Hal ini pun menjadi sulit dibuktikan karena PLN baru menindaklanjuti dugaan pelanggaran tersebut setelah 7 tahun terlewati.
Pembuktian dengan tim independen juga diperlukan agar PLN bisa tahu apakah yang dituduhkan kepada AS memang murni pelanggaran atau tuduhan tidak berdasar.
"Sehingga tidam menimbulkan penafsiran, 'Wah ini diatur dan sebagainya'. Nah itu jangan sampai terjadi," jelas Rio.
Bukan kasus pertama
Sharon Wicaksono, warga Bandengan, Penjaringan, Jakarta Utara, tiba-tiba juga ditodong denda sebesar Rp 68 juta oleh PLN karena tudingan penggunaan segel meteran palsu.
Sharon membagikan cerita ini lewat akun Instagram pribadi @sharonwicaksono pada 22 Juni 2022.
Sharon menceritakan awalnya rumahnya didatangi oleh petugas PLN yang melakukan pengecekan seperti biasa. Namun, saat itu Sharon sedang tidak berada di rumah.

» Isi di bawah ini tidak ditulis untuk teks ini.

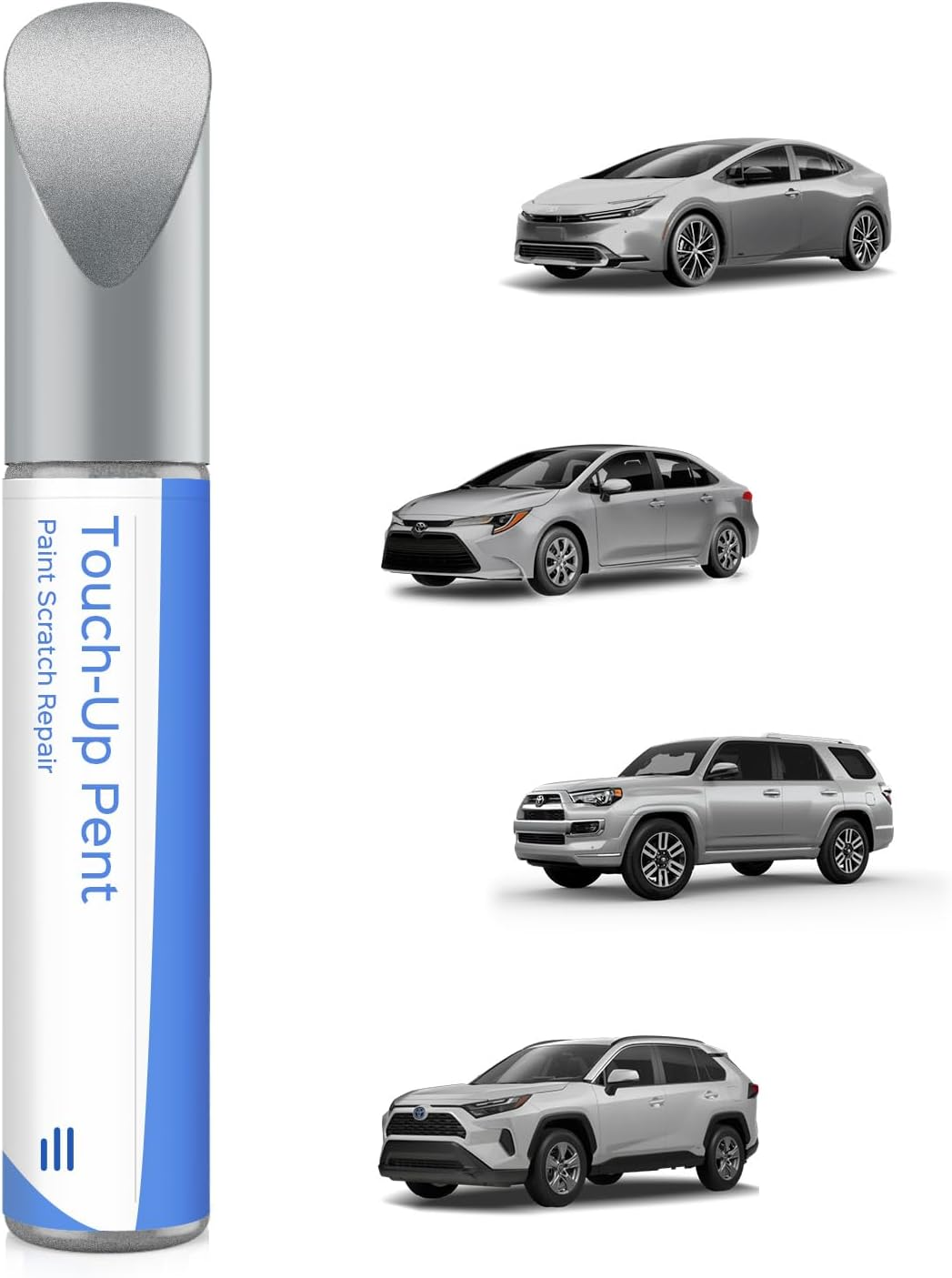 1F7 Classic Silver Metallic Touch up Paint Compatible with Toyota Exact Match Chips and Nicks Touch Up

Sharon pun merasa diperas oleh pihak PLN. Ia juga sempat diancam akan diputus aliran listrik jika tidak bayar denda.
Ia pun mempertanyakan kenapa segel meteran yang sudah terpasang sejak tahun 1993 itu baru dipermasalahkan sekarang.
Tak terima ditodong denda Rp 68 juta, Sharon menyampaikan keberatannya kepada PLN. Perusahaan pelat merah merah itu pun mengundang Sharon untuk mediasi.
Dalam proses mediasi, PLN akhirnya membatalkan denda Rp 68 juta terhadap Sharon karena tidak terbukti melanggar aturan.
Kasus serupa juga menimpa Lay Efina. Ia juga dikenai denda Rp 51 juta lantaran gudang tokonya di Tanah Sereal, Tambora, Jakarta Barat, disebut memiliki KwH dengan segel meteran palsu.
Efina keberatan dengan denda tersebut. Sebab, selama delapan tahun menggunakan gudang tersebut, ia mengaku tidak pernah mengutak-atik meteran tersebut.
Audiensi kemudian dilakukan dalam rapat yang dihadiri tim dari PLN dan Ditjen Ketenagalistrikan.
Dalam rapat itu dijelaskan bahwa denda Rp 51 juta berasal dari perhitungan akibat pelanggaran yang masuk golongan 2, artinya memengaruhi alat ukur.